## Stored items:

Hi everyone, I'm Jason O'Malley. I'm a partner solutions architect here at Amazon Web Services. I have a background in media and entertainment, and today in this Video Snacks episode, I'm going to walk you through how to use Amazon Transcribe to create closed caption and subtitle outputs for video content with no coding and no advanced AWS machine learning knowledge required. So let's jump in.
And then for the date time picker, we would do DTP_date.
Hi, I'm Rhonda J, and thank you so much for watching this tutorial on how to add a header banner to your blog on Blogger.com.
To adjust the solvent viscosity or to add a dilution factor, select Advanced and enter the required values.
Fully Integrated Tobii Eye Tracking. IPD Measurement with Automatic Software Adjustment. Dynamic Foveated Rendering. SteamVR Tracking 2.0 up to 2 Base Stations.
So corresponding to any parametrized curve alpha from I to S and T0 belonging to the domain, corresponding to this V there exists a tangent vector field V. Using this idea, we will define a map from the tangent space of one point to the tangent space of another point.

## DIRECTIONS:
Retype the lines from the one containing "Fully Integrated Tobii" to the last line above. Change nothing and include no others.

## RESULT OF THIS TASK:
Fully Integrated Tobii Eye Tracking. IPD Measurement with Automatic Software Adjustment. Dynamic Foveated Rendering. SteamVR Tracking 2.0 up to 2 Base Stations.
So corresponding to any parametrized curve alpha from I to S and T0 belonging to the domain, corresponding to this V there exists a tangent vector field V. Using this idea, we will define a map from the tangent space of one point to the tangent space of another point.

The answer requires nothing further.